Despite his arrest and prosecution in number of cases, Khurvesh @ Pappu @ Pehalwan has not mended himself and has not deterred from his criminal activities which are highly prejudicial to the maintenance of public order.

At present Khurvesh @ Pappu @ Pehalwan is out of jail. Keeping in view his past criminal activities there is every apprehension /imminent possibility that he will again indulge in similar type of criminal activities, which will adversely affect the maintenance of public order.

Under the above circumstances it has become necessary to detain him with immediate effect under Section 3(2) of the National Security Act, 1980 to prevent him from further committing similar type of criminal activities prejudicial to the maintenance of public order."

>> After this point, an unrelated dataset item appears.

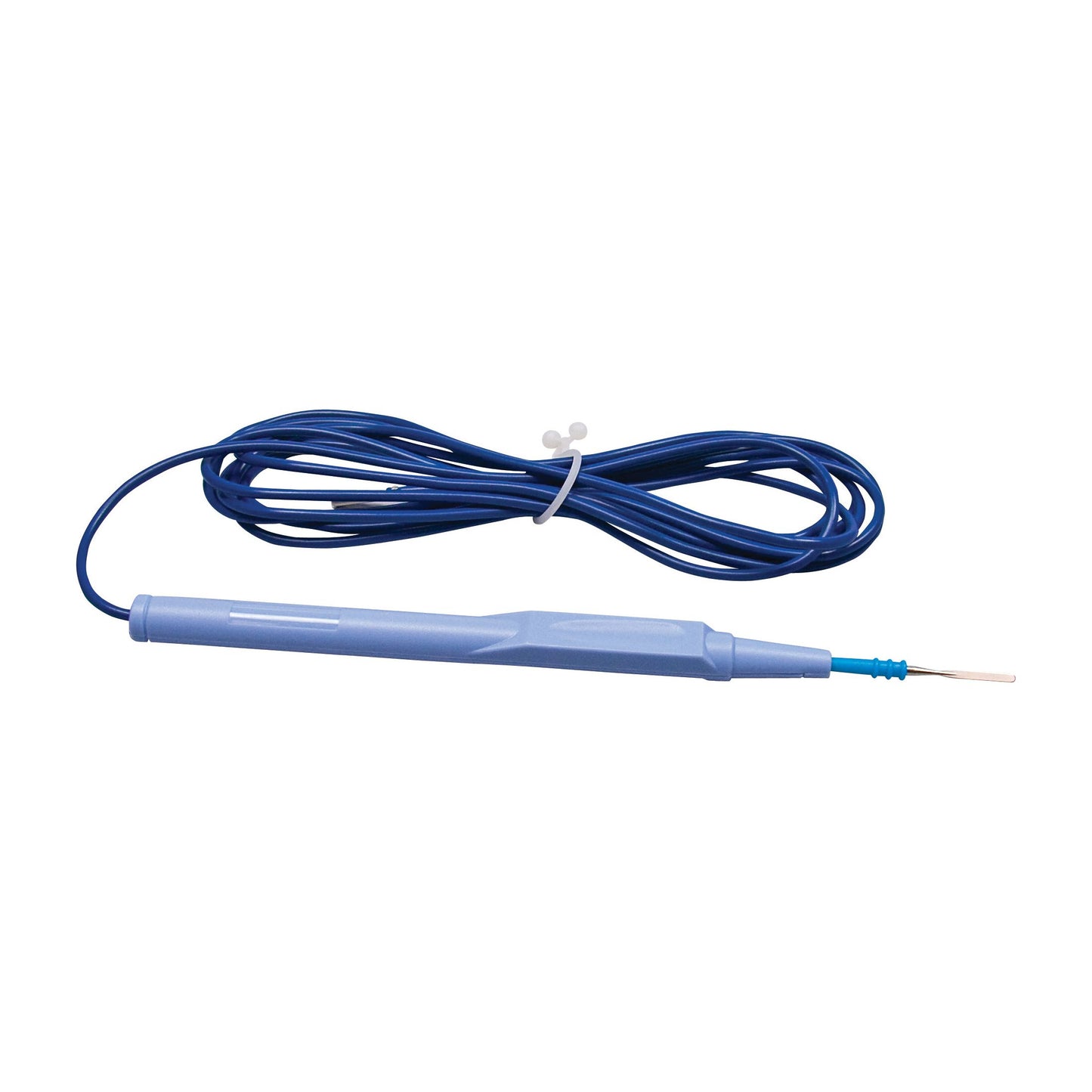 Bovie Electrosurgical Pencil, Disposable, Foot Activated, 50/Bx, Part # ESP7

10. Mr. Vikas Arora, learned counsel appearing for the petitioner

submitted that the aforesaid grounds mentioned in the impugned order

do not justify the case of preventive detention. His submission was that

frivolous cases are fostered upon the petitioner and that is the reason

that in most of these cases, acquittal is on merit. However, the entire

material and particularly the orders of the courts in those cases where

the petitioner was acquitted on merits, was not even considered by the

competent authority as those judgments were not placed before him. It

is apparent, argued the counsel, from the fact that only 5 cases were

taken note of and judgments in respect of 17 cases in which the

petitioner was acquitted were not placed before the competent

authority. His further submission was that no case was made out that

the petitioner had threatened the witnesses. His fervent plea was that

even the facts of the five cases, relied upon by the respondent no.1

while passing the detention order of the petitioner, would not justify

the detention order. In respect of the first case, his submission was that

the identification parade had already been conducted and the petitioner

was not identified. Qua the second case, his submission was that the

petitioner was even granted anticipatory bail which fact would go to

show that there was nothing against the petitioner. The third case has

already resulted into acquittal and therefore, cannot be the basis for

detention of the petitioner, was the submission. In so far as the fourth

case is concerned, the plea was that it relates to altercation with the

police authorities and the respondent cannot contend that the

petitioner would be in a position to even terrorize or influence the

police officials who are going to be the witnesses in the said case. The

fifth case, the learned counsel pointed out, was only under Section

107/151 Cr.P.C. regarding alleged apprehension of breach of peace.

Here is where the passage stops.